Put them in full sun, make sure they are packed with bees, and see if there are certain breeds in your area that deal with them better than others. After that, you should be kicked out of the club. 
But for now, welcome. 
:lpf:
MIke


----------



## StevenG (Mar 27, 2009)

I went thru my hives yesterday, checking shb traps, and feeding for winter. Most hives had 5-10 shb which I killed, all traps were full of dead beetles. I cleaned them out, refilled with mineral oil, and reinstalled in the hive.

The hives in shade or partial shade, my oh my! Killed 25-30 beetles in them, cleaned and refilled the traps. Need to move from shade to sun next spring. But I sure do prefer to work in the shade from July 1 to Sept. 10. oh well.

I know those numbers are puny compared to you folks further south. You have my condolences and best wishes. And to Rick? Welcome to the club!
Regards,
Steven


----------



## devdog108 (May 7, 2009)

I had placed my hives next to a fellow beek that was eaten up with SHB. I generally have 5-10 running around at any given time and for the most part, they are corraled on the top bars on the sides and the bees keep them there. After having mine next to his for a period, they were REALLY REALLY bad.

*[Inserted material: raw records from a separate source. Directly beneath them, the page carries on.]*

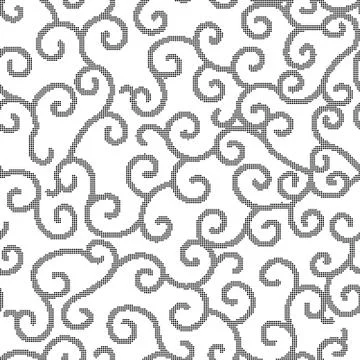 Halftone round black seamless background spiral curve vine line chintz イラスト素材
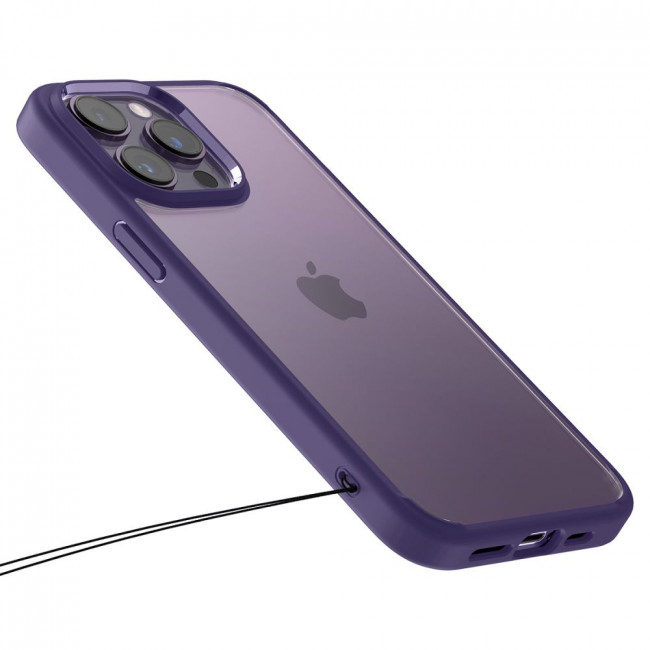 Spigen iPhone 14 Pro Ultra Hybrid Σκληρή Θήκη με Πλαίσιο Σιλικόνης - Deep Purple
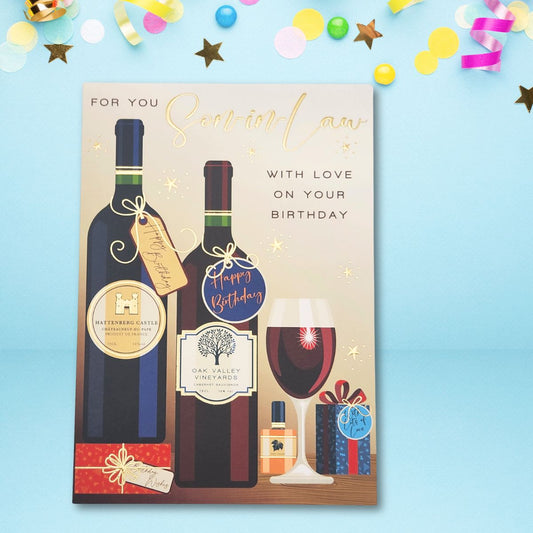 Son-In-Law Birthday Card - Wine Time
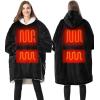 imageVenustas Heated Wearable Blanket Hoodie with Battery Pack 74V Oversized Sherpa Blanket Hoodie Sweatshirt Cozy Warm SoftBlack
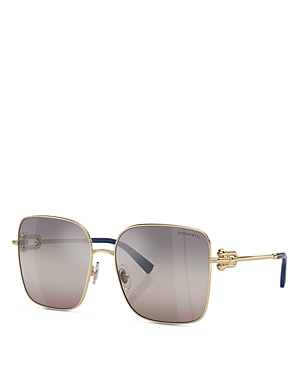 Tiffany & Co Square Sunglasses, 58mm In Gold/brown Mirrored Gradient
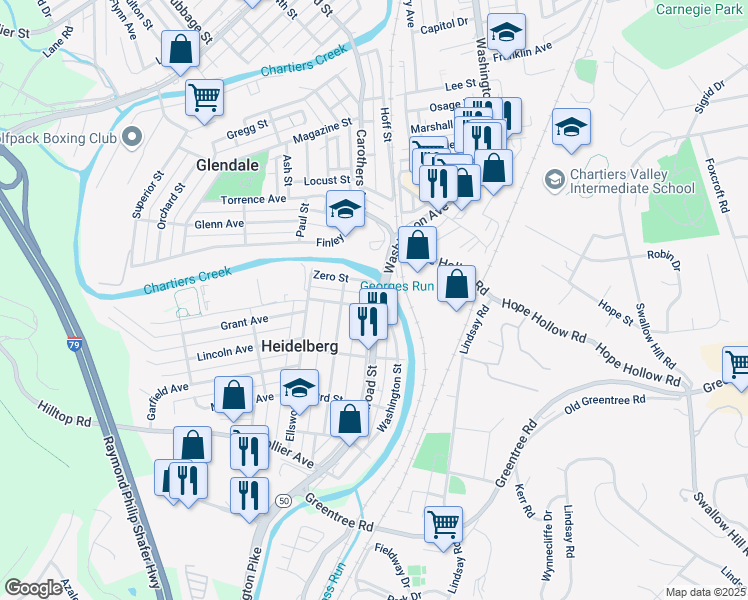 map of restaurants, bars, coffee shops, grocery stores, and more near 1600 West Railroad Street in Carnegie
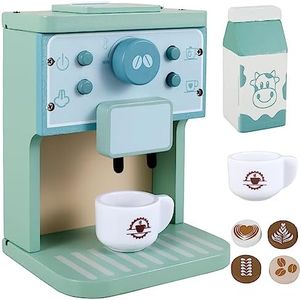 Keyohome 8Pcs Wooden Coffee Machine Play Set,Brew And Serve Wooden Coffee Maker Set,Wooden Kitchen Coffee Machine Maker Toy Set Early Education Coffee Machine for Kids Gift for Kids Gift.(blue)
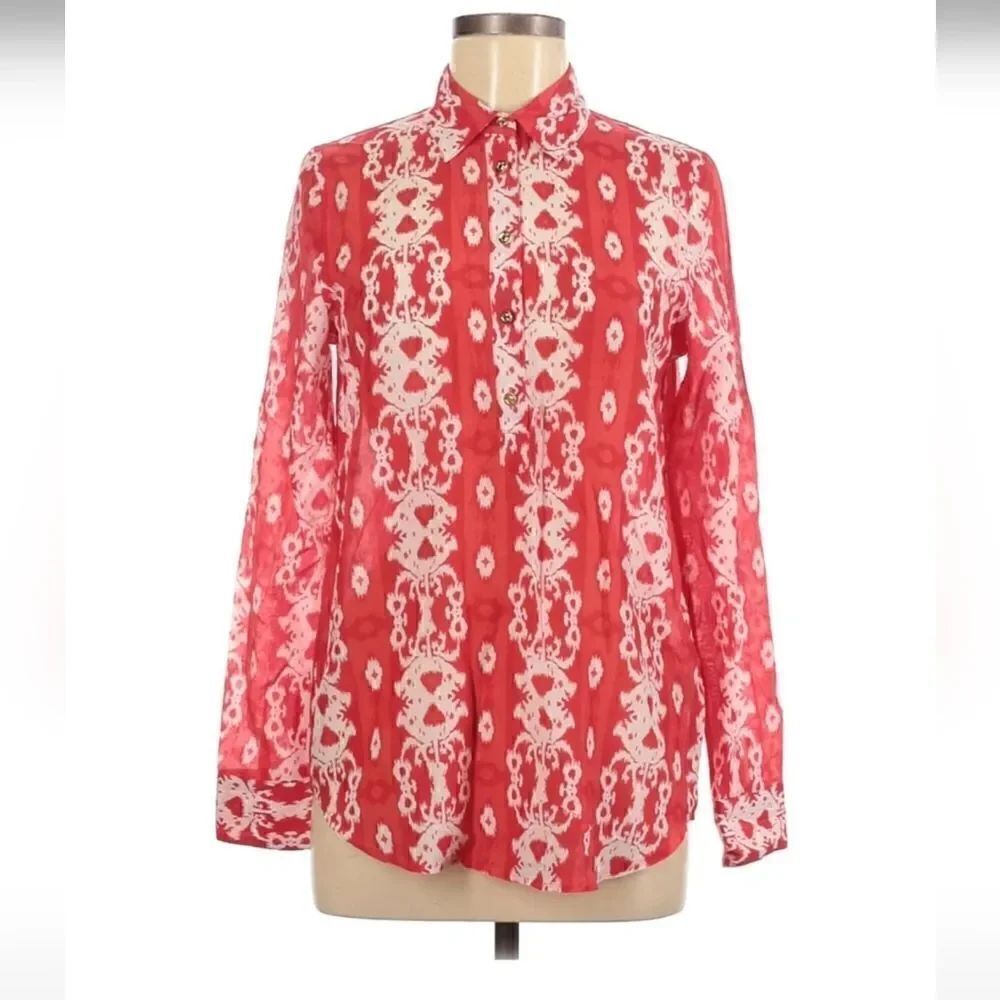 C. Wonder Ikat Print Buttondown Blouse Red White Size Small Women's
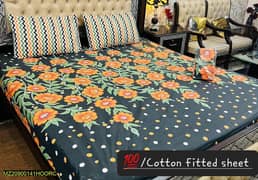 3 Pcs Cotton Printed Double Bedsheet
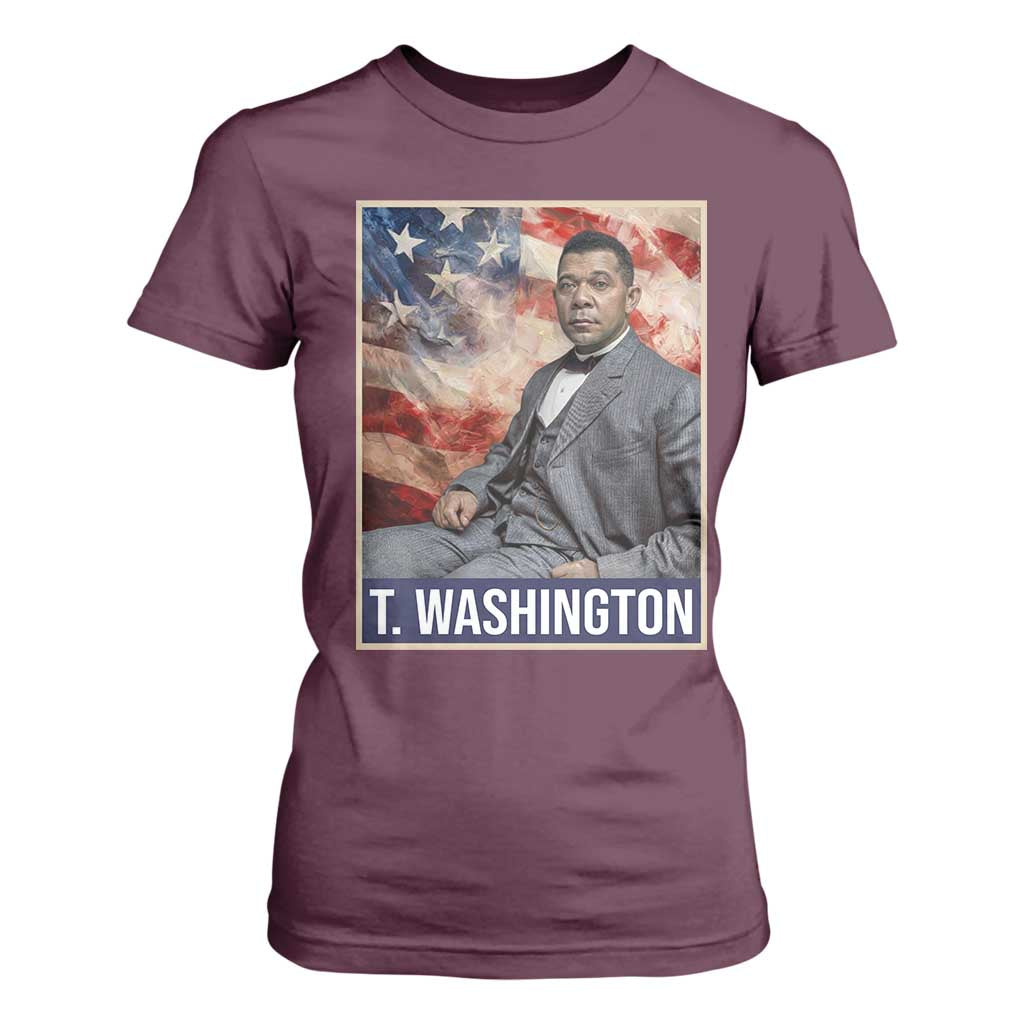 Booker Taliaferro Washington T Shirt For Women African American Educator Black History Month TS11 Maroon Print Your Wear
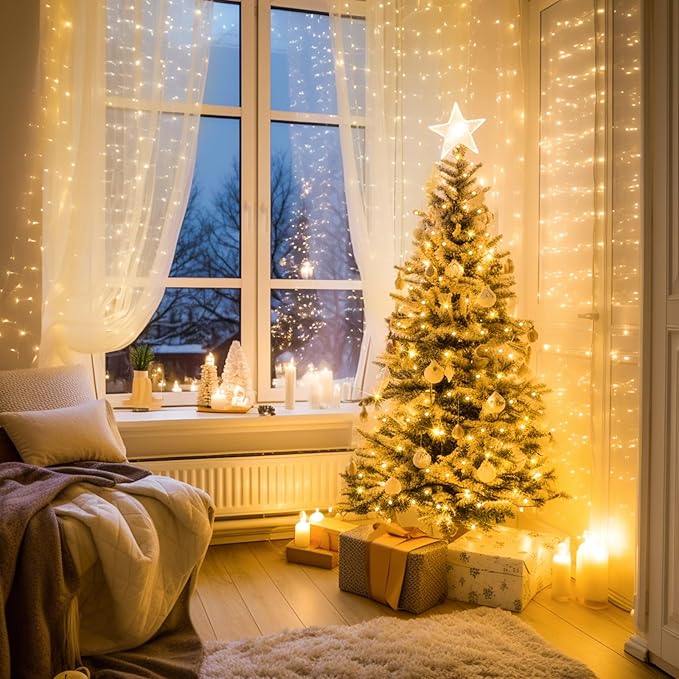 JMEXSUSS 200 LED Christmas Lights Indoor Outdoor, Connectable Warm White Christmas Tree Lights Clear Wire, 66 Ft Twinkle Fairy String Light Plug in for Bedroom Wedding Xmas Tree Decorations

I used Amdro and Combat gels in CD cases. The Combat cases were LOADED with dead beetles, the Amdro, not so much. I removed the cases after the first treatment and the hives are now back to normal. Keep them strong and in full sun and you'll be fine. They can handle them with some help, and sometimes without. Welcome to the fun we have been having...and the club......hope to kick you out really really soon.....


----------



## Rick 1456 (Jun 22, 2010)

Combat and AMDRO are different in the way they work. Combat is a faster acting insecticide. Amdro slowly shuts down the bugs system, they run "out of gas" and die. The more active the insect, the faster it works. Having said that,,,I wonder if the SHB live long enough to exit the CD case, bees chase them around, die, and are then carried out by the bees?? I read both are excellent in what they do. The Amdro advantage, at least one, is that it is not detectable in the bait and is readily eaten. The disadvantage is that you don't get to see all those dead SHBs


----------



## Bsweet (Apr 9, 2010)

Joined the club this year,inch: Now are they a seasonal thing or am I going to have the joy of fighting them all year? Jim


----------



## devdog108 (May 7, 2009)

Bsweet said:


> Joined the club this year,inch: Now are they a seasonal thing or am I going to have the joy of fighting them all year? Jim


All Year Jim, sorry buddy. They will cluster with the bees. No need in fighting them during the winter.


----------



## rocky1 (Jul 19, 2009)

Oh, they are all year; never go away!!


----------



## jslo722 (Dec 20, 2009)

I live outside Chicago, In Bartlett, IL. and I joined the club today too. Was inspecting my two hives and saw one beetle in a bottom deep. It was on a frame I was looking at and a bee gave it a good hug and they fell to the ground. I didn't see any more (none in hive #2), but I assume where there is one, there could be many.


----------



## elliebee (May 2, 2010)

I am new beek this year, thank goodness inspector came around today. Found SHB in my one hive. We discussed putting roofing shingles on ground around hive to disrupt lifecycle, also spreading DE on ground. Anyone have experience with non-chemical control methods.


----------



## devdog108 (May 7, 2009)

90 percent of us do. The roofing for the most part will not work. The bees carry them off. Keep the crowded in the hive just over swarm conditions and in full sun and you will a big difference.


----------



## David LaFerney (Jan 14, 2009)

I second what devdog says - try to keep the hive a little on the crowded side, and in full sun, and I would add that you aggravate the problem when you disrupt the hive for inspections - do what you gotta do, but keep it in mind. You're going to have SHB but those things seem to help more than anything.


----------



## theriverhawk (Jun 5, 2009)

If/when I treat for mites, I use different materials in the fall than I do in the spring. I have found that a fall treatment with Checkmite+ kills off all the beetles in the hive, thus the bees go into the spring with almost no SHB in the hive. Yes, they come back around in the late summer, but I know they're coming then and can be preventive....as opposed to fighting them all summer long because they made it thru the winter in the cluster. 
Just my experience...


----------



## CentralPAguy (Feb 8, 2009)

Unfortunately, I have joined the club -- I saw just a few beetles in a couple of my hives and when I went into my one yard, there must have been a hundred that I saw in each of my hives.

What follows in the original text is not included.